Mula Marco, Brodie Martin J, de Toffol Bertrand, Guekht Alla, Hecimovic Hrvoje, Kanemoto Kousuke, Kanner Andres M, Teixeira Antonio L, Wilson Sarah J
Institute of Medical and Biomedical Education, St George's University of London and the Atkinson Morley Regional Neuroscience Centre, St George's University Hospital NHS Foundation Trust, London, UK.
Epilepsy Unit, University of Glasgow, Glasgow, UK.
Epilepsia. 2022 Feb;63(2):316-334. doi: 10.1111/epi.17140. Epub 2021 Dec 5.

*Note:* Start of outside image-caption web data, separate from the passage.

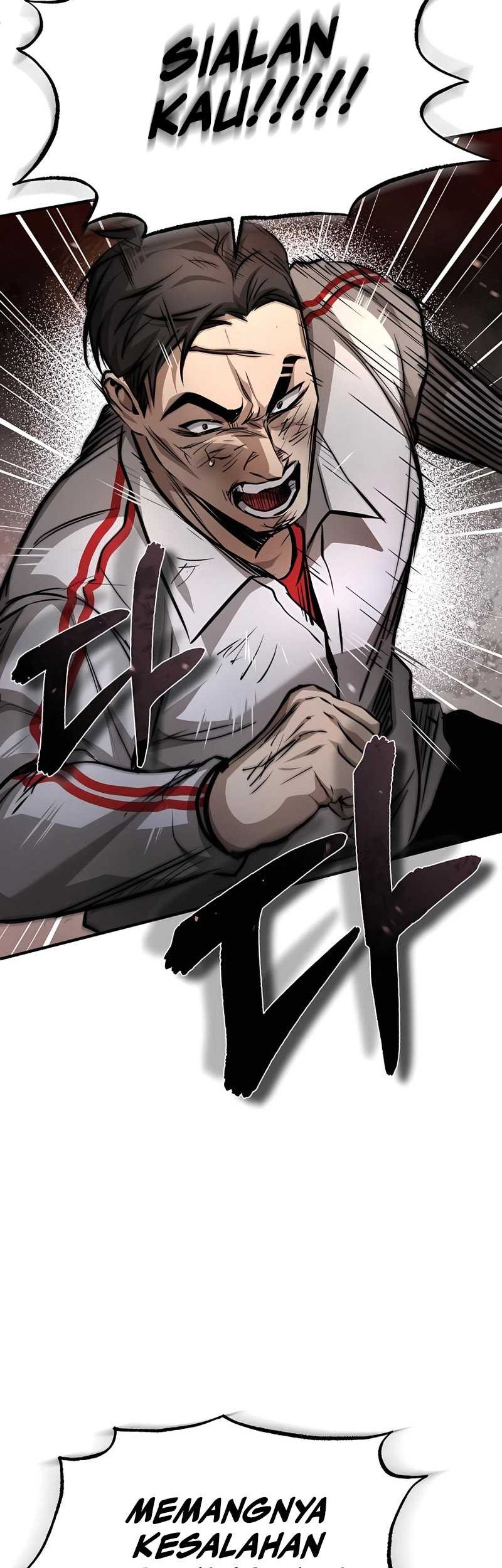 Devil Returns To School Days Chapter 26 Gambar 11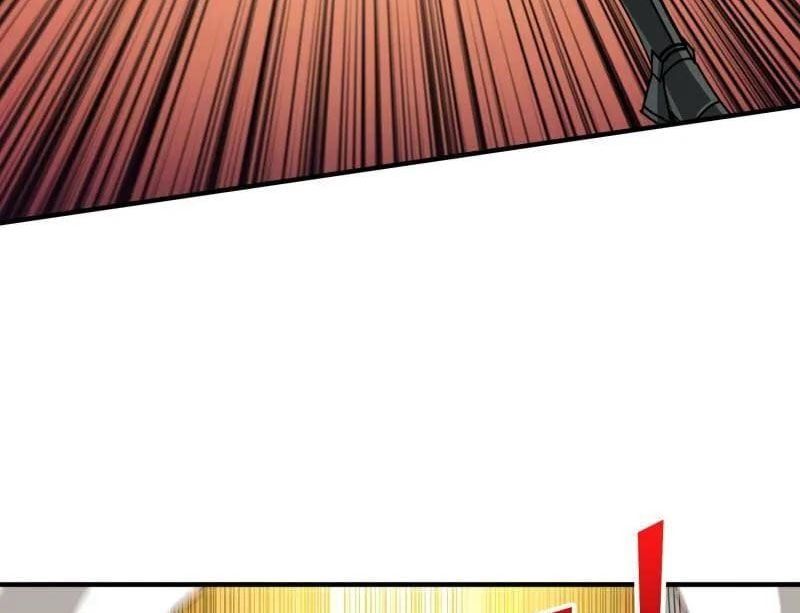 đọc truyện Vừa Chơi Đã Có Tài Khoản Vương Giả Chương 488 ảnh 120 tại Thiên Thai Truyện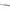 OSG 1305711508 Spiral Flute Tap: 1/4-28 UNF, 3 Flutes, Modified Bottoming, 3B Class of Fit, Powdered Metal, TICN Coated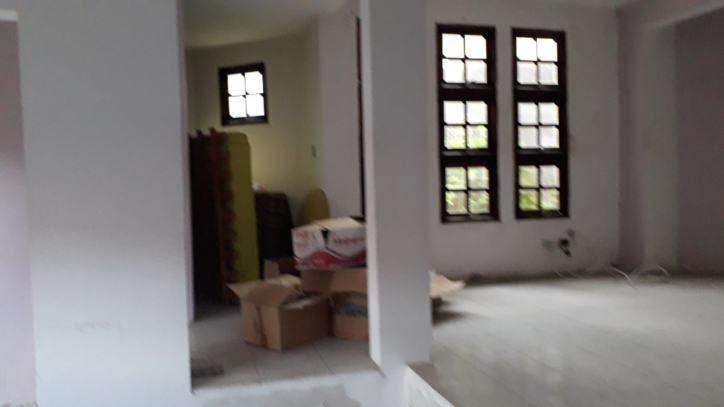 Sobrado à venda com 5 quartos, 367m² - Foto 21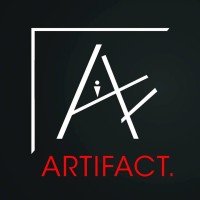 Artifact logo - Similar company to Convergence Engineering & Development
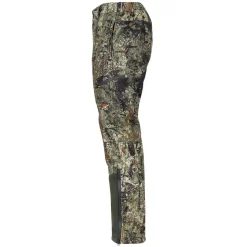 Men's Dynamo 2.0 Hunting Pants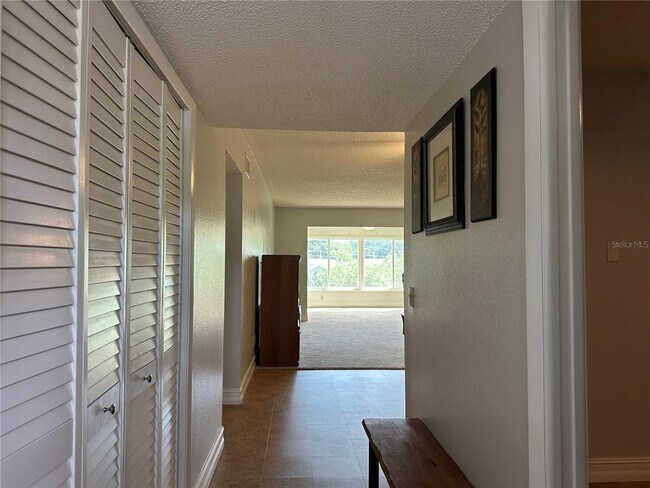 Building Photo - 2285 Israeli Dr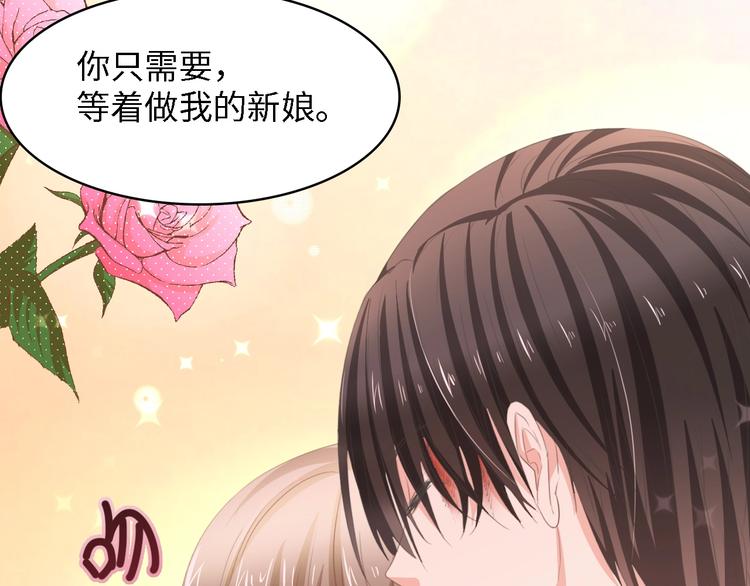 第17话 我们结婚吧！68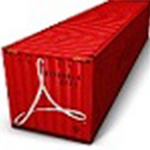 全速pdf转换成epub转换器v1.0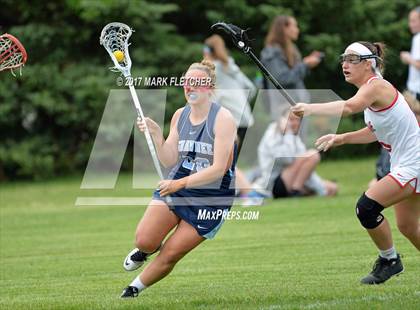 Thumbnail 1 in Shawnee @ Lenape photogallery.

The aim of this document is to provide evidence-based recommendations for the medical treatment of depression in adults with epilepsy. The working group consisted of members of an ad hoc Task Force of the International League Against Epilepsy (ILAE) Commission on Psychiatry, ILAE Executive and the International Bureau for Epilepsy (IBE) representatives. The development of these recommendations is based on a systematic review of studies on the treatment of depression in adults with epilepsy, and a formal adaptation process of existing guidelines and recommendations of treatment of depression outside epilepsy using the ADAPTE process. The systematic review identified 11 studies on drug treatments (788 participants, class of evidence III and IV); 13 studies on psychological treatments (998 participants, class of evidence II, III and IV); and 2 studies comparing sertraline with cognitive behavioral therapy (CBT; 155 participants, class of evidence I and IV). The ADAPTE process identified the World Federation of Societies of Biological Psychiatry guidelines for the biological treatment of unipolar depression as the starting point for the adaptation process. This document focuses on first-line drug treatment, inadequate response to first-line antidepressant treatment, and duration of such treatment and augmentation strategies within the broader context of electroconvulsive therapy, psychological, and other treatments. For mild depressive episodes, psychological interventions are first-line treatments, and where medication is used, selective serotonin reuptake inhibitors (SSRIs) are first-choice medications (Level B). SSRIs remain the first-choice medications (Level B) for moderate to severe depressive episodes; however, in patients who are partially or non-responding to first-line treatment, switching to venlafaxine appears legitimate (Level C). Antidepressant treatment should be maintained for at least 6 months following remission from a first depressive episode but it should be prolonged to 9 months in patients with a history of previous episodes and should continue even longer in severe depression or in cases of residual symptomatology until such symptoms have subsided.
本文档旨在为癫痫成年患者的抑郁症药物治疗提供循证建议。工作组由国际抗癫痫联盟(ILAE)精神病学委员会特设特别工作组的成员、ILAE执行委员会成员以及国际癫痫局(IBE)代表组成。这些建议的制定基于对癫痫成年患者抑郁症治疗研究的系统评价,以及使用ADAPTE流程对癫痫以外抑郁症治疗的现有指南和建议进行的正式改编过程。系统评价确定了11项关于药物治疗的研究(788名参与者,证据等级为III级和IV级);13项关于心理治疗的研究(998名参与者,证据等级为II级、III级和IV级);以及2项比较舍曲林与认知行为疗法(CBT)的研究(155名参与者,证据等级为I级和IV级)。ADAPTE流程确定将世界生物精神病学协会联合会关于单相抑郁症生物治疗的指南作为改编过程的起点。本文档重点关注一线药物治疗、对一线抗抑郁药治疗反应不足、此类治疗的持续时间以及在电休克治疗、心理治疗和其他治疗的更广泛背景下的增效策略。对于轻度抑郁发作,心理干预是一线治疗方法,若使用药物治疗,选择性5-羟色胺再摄取抑制剂(SSRIs)是首选药物(B级)。SSRIs仍然是中度至重度抑郁发作的首选药物(B级);然而,对于部分或对一线治疗无反应的患者,换用文拉法辛似乎是合理的(C级)。首次抑郁发作缓解后,抗抑郁治疗应至少维持6个月,但有既往发作史的患者应延长至9个月,在重度抑郁症或有残留症状的情况下应持续更长时间,直至症状消退。